A single number is wanted: how many lines of the records below contain the word "Black".

[Caption-style text data]
-- -- --

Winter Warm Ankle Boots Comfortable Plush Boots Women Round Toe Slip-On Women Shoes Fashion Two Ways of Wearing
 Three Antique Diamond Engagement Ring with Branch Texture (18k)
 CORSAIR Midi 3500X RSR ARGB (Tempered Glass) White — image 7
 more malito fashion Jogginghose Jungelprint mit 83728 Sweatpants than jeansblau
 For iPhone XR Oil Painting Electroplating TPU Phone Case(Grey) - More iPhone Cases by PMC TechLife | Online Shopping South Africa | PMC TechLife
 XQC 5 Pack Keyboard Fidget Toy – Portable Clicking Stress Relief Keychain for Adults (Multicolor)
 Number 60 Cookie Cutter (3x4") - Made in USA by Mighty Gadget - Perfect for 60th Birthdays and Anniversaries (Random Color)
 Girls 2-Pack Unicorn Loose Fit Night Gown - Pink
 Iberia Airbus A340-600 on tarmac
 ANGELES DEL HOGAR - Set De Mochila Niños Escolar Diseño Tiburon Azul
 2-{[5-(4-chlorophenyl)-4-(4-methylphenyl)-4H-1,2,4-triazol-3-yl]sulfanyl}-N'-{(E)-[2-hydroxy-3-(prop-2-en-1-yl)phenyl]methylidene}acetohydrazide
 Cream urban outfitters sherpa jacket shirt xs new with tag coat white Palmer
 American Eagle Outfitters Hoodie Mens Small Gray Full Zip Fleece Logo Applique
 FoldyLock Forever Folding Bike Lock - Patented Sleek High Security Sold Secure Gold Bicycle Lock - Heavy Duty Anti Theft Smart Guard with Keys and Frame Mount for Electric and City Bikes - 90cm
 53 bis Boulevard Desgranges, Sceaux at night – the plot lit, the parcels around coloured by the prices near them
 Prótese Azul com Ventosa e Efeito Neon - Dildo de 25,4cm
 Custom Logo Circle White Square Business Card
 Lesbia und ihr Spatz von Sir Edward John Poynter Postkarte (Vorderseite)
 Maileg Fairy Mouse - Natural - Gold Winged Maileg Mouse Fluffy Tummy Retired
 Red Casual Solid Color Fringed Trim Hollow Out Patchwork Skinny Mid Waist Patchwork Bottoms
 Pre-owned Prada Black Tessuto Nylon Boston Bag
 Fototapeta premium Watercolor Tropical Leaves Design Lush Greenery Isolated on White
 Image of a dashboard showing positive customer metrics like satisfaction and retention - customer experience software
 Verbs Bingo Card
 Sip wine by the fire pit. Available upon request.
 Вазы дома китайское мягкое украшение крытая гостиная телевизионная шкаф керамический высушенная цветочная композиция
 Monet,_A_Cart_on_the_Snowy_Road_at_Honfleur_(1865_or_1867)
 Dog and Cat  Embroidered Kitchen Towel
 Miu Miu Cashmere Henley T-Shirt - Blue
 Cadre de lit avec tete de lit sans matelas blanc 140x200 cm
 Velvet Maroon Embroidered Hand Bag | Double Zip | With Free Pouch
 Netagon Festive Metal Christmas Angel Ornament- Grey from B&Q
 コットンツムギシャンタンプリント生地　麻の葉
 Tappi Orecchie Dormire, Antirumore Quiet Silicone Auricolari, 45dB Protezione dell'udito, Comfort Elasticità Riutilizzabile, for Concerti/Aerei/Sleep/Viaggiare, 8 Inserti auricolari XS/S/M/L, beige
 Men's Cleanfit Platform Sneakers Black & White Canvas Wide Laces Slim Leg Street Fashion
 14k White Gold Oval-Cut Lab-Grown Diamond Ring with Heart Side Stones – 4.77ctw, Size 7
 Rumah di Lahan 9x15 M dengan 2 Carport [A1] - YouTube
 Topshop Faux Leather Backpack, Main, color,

-- -- --

_Worked solution_: 2